# [Required work]
Among the records below, find the lines that contain "Edition" and copy each of them.

# [Input material]
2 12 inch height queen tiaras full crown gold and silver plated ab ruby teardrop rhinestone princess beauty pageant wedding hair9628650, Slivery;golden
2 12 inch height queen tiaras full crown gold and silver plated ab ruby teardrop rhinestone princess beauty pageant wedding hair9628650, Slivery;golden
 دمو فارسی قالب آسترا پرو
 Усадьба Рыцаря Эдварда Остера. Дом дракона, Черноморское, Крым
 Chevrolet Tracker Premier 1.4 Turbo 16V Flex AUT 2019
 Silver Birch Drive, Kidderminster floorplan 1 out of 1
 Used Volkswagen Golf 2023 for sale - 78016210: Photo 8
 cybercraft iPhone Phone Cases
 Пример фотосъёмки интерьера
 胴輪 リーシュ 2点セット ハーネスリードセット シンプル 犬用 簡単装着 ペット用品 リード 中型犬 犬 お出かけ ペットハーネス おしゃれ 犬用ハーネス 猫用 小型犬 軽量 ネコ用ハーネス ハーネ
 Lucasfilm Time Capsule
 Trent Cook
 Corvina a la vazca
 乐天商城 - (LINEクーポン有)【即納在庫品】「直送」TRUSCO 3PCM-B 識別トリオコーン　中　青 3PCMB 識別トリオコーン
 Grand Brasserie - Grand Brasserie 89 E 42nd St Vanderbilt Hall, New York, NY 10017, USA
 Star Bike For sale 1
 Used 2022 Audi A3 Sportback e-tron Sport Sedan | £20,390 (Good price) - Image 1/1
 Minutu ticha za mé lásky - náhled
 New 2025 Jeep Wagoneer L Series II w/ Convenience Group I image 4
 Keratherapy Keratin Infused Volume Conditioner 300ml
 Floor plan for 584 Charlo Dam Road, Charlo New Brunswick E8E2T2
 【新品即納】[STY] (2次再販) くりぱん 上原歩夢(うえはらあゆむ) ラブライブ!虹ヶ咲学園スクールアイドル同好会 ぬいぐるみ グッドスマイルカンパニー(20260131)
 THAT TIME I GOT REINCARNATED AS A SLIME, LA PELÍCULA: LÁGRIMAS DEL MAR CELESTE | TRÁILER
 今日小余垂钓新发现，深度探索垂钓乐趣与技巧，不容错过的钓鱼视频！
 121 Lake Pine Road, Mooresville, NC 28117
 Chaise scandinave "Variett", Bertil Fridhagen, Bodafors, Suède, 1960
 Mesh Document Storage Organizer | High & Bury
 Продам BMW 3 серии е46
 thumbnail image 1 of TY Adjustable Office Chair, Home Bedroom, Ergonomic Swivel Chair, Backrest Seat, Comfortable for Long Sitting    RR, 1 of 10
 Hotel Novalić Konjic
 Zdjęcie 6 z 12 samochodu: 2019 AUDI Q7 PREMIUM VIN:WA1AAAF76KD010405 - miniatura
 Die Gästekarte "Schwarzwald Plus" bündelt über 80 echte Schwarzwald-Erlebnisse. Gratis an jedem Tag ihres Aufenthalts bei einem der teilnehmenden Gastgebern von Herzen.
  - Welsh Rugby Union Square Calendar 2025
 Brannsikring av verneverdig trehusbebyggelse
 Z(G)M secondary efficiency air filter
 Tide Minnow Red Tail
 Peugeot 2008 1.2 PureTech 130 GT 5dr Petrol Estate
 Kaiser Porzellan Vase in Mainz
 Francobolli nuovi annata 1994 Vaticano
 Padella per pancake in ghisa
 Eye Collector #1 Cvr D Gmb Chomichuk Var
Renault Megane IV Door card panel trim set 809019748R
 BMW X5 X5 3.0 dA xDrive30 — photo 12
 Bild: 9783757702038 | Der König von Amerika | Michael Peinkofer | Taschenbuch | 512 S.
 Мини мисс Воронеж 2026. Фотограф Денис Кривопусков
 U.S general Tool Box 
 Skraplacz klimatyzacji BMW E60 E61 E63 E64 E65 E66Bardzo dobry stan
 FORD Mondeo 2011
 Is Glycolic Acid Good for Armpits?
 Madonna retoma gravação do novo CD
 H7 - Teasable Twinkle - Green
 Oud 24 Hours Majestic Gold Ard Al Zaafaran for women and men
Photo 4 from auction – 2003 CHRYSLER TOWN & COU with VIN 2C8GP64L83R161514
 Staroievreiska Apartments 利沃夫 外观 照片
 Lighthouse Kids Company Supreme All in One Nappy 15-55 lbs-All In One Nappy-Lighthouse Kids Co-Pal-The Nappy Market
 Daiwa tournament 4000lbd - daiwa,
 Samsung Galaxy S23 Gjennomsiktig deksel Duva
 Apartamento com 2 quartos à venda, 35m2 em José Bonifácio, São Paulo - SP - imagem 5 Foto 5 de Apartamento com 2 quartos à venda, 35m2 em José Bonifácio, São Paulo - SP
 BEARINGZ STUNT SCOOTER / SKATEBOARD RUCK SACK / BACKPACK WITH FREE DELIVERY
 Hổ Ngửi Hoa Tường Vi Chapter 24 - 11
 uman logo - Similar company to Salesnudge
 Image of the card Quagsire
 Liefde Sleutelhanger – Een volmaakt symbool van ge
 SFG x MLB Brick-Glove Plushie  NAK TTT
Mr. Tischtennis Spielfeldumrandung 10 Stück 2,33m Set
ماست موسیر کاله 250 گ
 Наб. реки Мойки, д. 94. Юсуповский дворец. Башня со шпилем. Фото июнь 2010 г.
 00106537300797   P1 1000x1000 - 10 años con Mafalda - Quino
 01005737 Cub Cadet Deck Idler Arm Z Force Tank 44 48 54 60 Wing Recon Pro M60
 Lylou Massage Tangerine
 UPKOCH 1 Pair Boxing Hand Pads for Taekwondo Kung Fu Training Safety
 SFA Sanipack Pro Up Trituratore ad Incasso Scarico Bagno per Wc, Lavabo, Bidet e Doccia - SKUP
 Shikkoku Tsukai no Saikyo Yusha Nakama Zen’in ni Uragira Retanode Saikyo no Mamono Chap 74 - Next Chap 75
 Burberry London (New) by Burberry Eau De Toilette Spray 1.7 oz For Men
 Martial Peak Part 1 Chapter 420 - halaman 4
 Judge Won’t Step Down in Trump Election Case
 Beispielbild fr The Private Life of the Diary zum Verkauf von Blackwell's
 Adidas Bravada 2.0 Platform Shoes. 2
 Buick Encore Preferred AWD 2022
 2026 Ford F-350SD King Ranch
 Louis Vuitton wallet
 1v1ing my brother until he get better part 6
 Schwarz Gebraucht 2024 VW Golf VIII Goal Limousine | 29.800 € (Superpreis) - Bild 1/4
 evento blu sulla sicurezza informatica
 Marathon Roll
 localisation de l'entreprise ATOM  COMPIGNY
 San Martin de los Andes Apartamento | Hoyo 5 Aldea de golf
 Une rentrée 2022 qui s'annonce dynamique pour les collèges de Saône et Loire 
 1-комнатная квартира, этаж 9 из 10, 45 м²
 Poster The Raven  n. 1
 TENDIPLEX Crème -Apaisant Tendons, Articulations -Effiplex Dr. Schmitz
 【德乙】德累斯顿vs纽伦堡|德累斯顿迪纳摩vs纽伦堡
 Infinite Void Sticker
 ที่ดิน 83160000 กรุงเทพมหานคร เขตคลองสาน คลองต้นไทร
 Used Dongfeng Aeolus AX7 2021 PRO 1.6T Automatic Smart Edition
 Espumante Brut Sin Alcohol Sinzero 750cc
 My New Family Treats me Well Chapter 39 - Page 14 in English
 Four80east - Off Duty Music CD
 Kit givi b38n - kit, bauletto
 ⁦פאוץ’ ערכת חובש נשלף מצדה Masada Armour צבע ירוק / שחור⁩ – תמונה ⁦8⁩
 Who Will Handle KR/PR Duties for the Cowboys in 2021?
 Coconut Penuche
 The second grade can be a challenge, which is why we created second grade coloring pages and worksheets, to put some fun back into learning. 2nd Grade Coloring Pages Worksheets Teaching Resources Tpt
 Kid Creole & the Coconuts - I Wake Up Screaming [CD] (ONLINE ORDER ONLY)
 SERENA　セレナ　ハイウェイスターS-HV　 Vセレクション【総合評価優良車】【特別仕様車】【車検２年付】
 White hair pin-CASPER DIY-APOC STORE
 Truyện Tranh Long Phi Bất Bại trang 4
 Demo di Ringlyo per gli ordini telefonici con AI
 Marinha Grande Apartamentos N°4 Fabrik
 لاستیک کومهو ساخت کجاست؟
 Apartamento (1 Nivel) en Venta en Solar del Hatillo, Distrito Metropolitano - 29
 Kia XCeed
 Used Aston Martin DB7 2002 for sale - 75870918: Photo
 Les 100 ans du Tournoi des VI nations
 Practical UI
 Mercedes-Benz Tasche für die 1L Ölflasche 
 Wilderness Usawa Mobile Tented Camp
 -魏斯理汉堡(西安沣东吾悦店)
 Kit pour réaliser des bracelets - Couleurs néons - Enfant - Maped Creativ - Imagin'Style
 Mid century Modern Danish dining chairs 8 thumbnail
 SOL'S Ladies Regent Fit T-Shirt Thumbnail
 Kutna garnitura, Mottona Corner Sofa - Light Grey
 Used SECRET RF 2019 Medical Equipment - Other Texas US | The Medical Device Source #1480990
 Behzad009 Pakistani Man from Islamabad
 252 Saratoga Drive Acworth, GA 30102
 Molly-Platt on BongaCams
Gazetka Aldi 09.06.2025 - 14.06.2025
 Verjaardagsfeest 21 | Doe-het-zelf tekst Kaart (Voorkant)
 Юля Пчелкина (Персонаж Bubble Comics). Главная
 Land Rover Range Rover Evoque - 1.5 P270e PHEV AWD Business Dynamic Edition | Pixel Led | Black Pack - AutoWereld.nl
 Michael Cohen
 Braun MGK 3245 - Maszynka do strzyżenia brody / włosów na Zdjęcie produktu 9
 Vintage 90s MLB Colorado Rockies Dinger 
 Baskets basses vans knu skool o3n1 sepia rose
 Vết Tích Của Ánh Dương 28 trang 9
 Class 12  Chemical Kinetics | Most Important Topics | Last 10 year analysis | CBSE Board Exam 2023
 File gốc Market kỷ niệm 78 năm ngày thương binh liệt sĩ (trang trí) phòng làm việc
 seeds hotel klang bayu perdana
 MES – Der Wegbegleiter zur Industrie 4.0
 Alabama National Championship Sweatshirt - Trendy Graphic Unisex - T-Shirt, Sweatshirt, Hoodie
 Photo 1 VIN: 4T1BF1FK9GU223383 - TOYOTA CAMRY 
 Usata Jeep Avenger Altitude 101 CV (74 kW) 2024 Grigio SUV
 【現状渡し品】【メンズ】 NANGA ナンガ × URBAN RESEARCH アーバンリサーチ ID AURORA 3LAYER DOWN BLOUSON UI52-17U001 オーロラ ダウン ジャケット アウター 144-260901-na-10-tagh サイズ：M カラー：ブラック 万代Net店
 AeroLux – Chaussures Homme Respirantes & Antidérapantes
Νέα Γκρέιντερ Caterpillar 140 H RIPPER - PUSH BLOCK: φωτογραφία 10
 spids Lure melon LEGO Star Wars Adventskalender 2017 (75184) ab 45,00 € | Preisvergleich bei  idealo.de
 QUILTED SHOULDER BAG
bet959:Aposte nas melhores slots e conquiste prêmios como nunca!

# [Answer for this exercise]
 Used Dongfeng Aeolus AX7 2021 PRO 1.6T Automatic Smart Edition
 Land Rover Range Rover Evoque - 1.5 P270e PHEV AWD Business Dynamic Edition | Pixel Led | Black Pack - AutoWereld.nl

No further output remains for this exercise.